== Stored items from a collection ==
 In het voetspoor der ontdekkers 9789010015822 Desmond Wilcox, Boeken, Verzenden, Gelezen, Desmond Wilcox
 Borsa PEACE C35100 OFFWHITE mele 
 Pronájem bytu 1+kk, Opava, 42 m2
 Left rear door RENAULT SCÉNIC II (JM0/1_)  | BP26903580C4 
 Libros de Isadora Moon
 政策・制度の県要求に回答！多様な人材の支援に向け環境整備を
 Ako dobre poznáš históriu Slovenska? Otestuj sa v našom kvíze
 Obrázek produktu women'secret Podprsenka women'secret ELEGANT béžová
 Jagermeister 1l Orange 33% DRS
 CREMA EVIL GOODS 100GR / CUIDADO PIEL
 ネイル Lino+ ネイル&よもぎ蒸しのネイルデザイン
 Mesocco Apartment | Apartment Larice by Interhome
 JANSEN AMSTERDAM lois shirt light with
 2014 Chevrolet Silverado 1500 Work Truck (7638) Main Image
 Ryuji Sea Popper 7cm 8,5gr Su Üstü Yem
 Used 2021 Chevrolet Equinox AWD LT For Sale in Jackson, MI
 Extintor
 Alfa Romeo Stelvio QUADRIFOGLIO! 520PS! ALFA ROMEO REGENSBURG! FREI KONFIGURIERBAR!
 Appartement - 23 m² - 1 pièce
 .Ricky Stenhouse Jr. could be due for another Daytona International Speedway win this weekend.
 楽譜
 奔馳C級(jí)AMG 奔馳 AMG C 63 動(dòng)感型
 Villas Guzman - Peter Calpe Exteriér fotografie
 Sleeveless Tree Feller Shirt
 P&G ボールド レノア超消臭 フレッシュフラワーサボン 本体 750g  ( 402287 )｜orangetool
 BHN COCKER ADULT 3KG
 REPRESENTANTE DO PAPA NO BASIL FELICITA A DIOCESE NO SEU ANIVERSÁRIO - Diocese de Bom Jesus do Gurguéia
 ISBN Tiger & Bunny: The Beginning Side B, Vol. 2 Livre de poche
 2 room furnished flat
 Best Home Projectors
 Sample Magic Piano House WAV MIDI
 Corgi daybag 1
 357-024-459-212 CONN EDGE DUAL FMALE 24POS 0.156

== ACTIVITY ==
Please output every record, keeping each line exact.

== ANSWER BOX ==
 In het voetspoor der ontdekkers 9789010015822 Desmond Wilcox, Boeken, Verzenden, Gelezen, Desmond Wilcox
 Borsa PEACE C35100 OFFWHITE mele 
 Pronájem bytu 1+kk, Opava, 42 m2
 Left rear door RENAULT SCÉNIC II (JM0/1_)  | BP26903580C4 
 Libros de Isadora Moon
 政策・制度の県要求に回答！多様な人材の支援に向け環境整備を
 Ako dobre poznáš históriu Slovenska? Otestuj sa v našom kvíze
 Obrázek produktu women'secret Podprsenka women'secret ELEGANT béžová
 Jagermeister 1l Orange 33% DRS
 CREMA EVIL GOODS 100GR / CUIDADO PIEL
 ネイル Lino+ ネイル&よもぎ蒸しのネイルデザイン
 Mesocco Apartment | Apartment Larice by Interhome
 JANSEN AMSTERDAM lois shirt light with
 2014 Chevrolet Silverado 1500 Work Truck (7638) Main Image
 Ryuji Sea Popper 7cm 8,5gr Su Üstü Yem
 Used 2021 Chevrolet Equinox AWD LT For Sale in Jackson, MI
 Extintor
 Alfa Romeo Stelvio QUADRIFOGLIO! 520PS! ALFA ROMEO REGENSBURG! FREI KONFIGURIERBAR!
 Appartement - 23 m² - 1 pièce
 .Ricky Stenhouse Jr. could be due for another Daytona International Speedway win this weekend.
 楽譜
 奔馳C級(jí)AMG 奔馳 AMG C 63 動(dòng)感型
 Villas Guzman - Peter Calpe Exteriér fotografie
 Sleeveless Tree Feller Shirt
 P&G ボールド レノア超消臭 フレッシュフラワーサボン 本体 750g  ( 402287 )｜orangetool
 BHN COCKER ADULT 3KG
 REPRESENTANTE DO PAPA NO BASIL FELICITA A DIOCESE NO SEU ANIVERSÁRIO - Diocese de Bom Jesus do Gurguéia
 ISBN Tiger & Bunny: The Beginning Side B, Vol. 2 Livre de poche
 2 room furnished flat
 Best Home Projectors
 Sample Magic Piano House WAV MIDI
 Corgi daybag 1
 357-024-459-212 CONN EDGE DUAL FMALE 24POS 0.156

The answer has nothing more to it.